The SEQTEST Procedure

Boundary Adjustments for Overlapping Lower and Upper $\bbeta $ Boundaries

In the SEQTEST procedure, the $\alpha $ and $\beta $ spending values at the stages are used to derive the boundary values for the trial. For a two-sided design with early stopping to accept $H_0$, or to either reject or accept $H_0$, a zero $\beta $ spending at an interim stage sets the $\beta $ boundary values to missing. A small $\beta $ spending at the current or subsequent interim stage might result in overlapping of the lower and upper $\beta $ boundaries for the two corresponding one-sided tests. Specifically, this form of overlapping occurs at an interim stage k if the upper $\beta $ boundary value that is derived from the one-sided test for the upper alternative is less than the lower $\beta $ boundary value that is derived from the one-sided test for the lower alternative (Kittelson and Emerson 1999, pp. 881–882; Rudser and Emerson 2007, p. 6). You can use the BETAOVERLAP= option to specify how this type of overlapping is to be handled.

If BETAOVERLAP=ADJUST (which is the default) is specified, the procedure derives the boundary values for the two-sided design and then checks for overlapping of the two one-sided $\beta $ boundaries at the current and subsequent interim stages. If overlapping occurs at a particular stage, the $\beta $ boundary values for the two-sided design are set to missing (so the trial does not stop to accept the null hypothesis at this stage), and the $\beta $ spending values at subsequent stages are adjusted proportionally as follows.

If the $\beta $ boundary values are set to missing at stage k in a K-stage trial, the adjusted $\beta $ spending value at stage k, $e’_{k}$, is updated for these missing $\beta $ boundary values, and then the $\beta $ spending values at subsequent stages are adjusted proportionally by

\[ e’_{j} = e’_{k} + \frac{e_{j}-e_{k}}{e_{K}-e_{k}} \; (e_{K}-e’_{k}) \]

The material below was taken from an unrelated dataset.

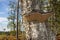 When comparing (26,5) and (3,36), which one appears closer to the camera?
(26,5)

for $j=k+1, \ldots , K$, where $e_{j}$ and $e’_{j}$ are cumulative $\beta $ spending values at stage j before and after the adjustment, respectively.

After all these adjusted $\beta $ spending values are computed, the boundary values are then further modified for these adjusted $\beta $ spending values.

If you specify BETAOVERLAP=NOADJUST, no adjustment is made when overlapping of one-sided $\beta $ boundaries occurs.